- Exercise details: List each line of the data in which the string "Size" appears.

Short web captions
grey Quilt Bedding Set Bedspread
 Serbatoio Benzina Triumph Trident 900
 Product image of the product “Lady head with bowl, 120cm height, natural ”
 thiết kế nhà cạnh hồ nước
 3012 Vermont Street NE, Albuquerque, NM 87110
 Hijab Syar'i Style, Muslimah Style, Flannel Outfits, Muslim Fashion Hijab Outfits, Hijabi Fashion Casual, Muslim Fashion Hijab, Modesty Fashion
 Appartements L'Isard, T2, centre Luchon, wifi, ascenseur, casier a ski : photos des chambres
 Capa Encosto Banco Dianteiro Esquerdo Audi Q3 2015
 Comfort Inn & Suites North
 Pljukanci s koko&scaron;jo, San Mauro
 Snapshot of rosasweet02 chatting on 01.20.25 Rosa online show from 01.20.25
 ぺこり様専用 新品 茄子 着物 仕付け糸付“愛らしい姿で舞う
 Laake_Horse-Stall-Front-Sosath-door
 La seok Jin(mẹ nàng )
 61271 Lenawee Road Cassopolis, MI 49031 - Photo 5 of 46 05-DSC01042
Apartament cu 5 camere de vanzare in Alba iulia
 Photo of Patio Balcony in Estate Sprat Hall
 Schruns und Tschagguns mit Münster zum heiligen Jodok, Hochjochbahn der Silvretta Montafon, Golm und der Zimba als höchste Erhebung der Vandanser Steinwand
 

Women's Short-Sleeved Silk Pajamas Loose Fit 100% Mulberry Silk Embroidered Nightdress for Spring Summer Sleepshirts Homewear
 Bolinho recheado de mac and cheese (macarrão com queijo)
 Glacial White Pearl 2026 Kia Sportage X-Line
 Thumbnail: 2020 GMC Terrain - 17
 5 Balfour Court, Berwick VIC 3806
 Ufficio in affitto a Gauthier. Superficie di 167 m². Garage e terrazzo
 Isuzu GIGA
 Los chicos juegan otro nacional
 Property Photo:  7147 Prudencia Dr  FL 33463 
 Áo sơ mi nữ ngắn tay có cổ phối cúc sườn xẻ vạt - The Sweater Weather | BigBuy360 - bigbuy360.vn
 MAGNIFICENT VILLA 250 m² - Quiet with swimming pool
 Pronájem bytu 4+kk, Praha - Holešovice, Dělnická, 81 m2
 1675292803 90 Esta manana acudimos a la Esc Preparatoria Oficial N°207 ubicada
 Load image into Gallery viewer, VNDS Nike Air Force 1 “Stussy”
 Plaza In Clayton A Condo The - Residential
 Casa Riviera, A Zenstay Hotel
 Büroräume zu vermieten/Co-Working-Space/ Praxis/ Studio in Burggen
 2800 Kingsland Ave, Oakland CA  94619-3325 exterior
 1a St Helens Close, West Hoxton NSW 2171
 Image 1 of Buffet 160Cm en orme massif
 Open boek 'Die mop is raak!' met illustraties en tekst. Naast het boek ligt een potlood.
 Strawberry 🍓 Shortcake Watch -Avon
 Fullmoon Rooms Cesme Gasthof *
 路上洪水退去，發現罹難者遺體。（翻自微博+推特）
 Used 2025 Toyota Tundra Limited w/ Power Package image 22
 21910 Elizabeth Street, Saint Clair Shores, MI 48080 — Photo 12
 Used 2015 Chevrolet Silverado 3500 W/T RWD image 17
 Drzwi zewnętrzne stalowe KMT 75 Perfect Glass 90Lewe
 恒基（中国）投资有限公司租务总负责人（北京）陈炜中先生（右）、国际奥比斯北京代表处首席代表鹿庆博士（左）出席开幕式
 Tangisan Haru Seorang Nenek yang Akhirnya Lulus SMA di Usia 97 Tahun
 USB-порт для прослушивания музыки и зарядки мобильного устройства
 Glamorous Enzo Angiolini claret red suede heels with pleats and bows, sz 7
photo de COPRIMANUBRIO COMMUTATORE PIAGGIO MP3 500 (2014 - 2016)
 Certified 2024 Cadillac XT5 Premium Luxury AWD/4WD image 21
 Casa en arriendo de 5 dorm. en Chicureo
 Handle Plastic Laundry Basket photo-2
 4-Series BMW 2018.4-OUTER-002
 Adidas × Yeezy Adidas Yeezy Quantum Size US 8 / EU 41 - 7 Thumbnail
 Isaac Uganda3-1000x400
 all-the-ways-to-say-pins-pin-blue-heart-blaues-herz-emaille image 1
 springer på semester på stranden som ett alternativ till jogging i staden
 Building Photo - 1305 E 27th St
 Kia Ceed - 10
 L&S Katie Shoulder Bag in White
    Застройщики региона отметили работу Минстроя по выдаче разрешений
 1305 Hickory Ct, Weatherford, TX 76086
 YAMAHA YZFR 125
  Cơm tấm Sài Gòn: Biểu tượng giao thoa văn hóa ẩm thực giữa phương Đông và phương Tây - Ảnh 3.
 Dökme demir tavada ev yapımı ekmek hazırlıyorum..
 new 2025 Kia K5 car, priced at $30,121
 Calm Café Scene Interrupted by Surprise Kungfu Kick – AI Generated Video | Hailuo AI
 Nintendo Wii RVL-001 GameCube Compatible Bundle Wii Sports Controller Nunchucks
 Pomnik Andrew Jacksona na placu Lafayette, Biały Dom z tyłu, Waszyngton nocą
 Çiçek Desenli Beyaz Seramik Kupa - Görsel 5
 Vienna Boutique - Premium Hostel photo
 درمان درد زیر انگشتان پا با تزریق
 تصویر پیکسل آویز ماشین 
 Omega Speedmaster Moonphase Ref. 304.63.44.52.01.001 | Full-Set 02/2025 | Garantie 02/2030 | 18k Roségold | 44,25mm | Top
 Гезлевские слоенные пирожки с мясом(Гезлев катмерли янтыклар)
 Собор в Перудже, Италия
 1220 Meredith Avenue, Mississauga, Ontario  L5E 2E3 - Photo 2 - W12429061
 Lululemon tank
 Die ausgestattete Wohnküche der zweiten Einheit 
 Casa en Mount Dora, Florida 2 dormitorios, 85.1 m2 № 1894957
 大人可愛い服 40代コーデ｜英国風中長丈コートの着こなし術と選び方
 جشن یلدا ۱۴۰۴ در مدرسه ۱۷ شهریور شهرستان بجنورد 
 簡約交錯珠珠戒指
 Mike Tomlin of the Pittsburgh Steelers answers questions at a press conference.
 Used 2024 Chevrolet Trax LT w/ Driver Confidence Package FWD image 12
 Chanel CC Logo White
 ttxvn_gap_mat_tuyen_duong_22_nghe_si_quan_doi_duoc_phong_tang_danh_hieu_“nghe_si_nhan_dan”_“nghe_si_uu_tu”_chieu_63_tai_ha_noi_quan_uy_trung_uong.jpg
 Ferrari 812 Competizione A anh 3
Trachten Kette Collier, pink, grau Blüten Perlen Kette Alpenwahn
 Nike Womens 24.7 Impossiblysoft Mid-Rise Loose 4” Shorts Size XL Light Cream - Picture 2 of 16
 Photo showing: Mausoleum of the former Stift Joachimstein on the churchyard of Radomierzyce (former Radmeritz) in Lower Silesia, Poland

- Written reply:
 Adidas × Yeezy Adidas Yeezy Quantum Size US 8 / EU 41 - 7 Thumbnail
 Nike Womens 24.7 Impossiblysoft Mid-Rise Loose 4” Shorts Size XL Light Cream - Picture 2 of 16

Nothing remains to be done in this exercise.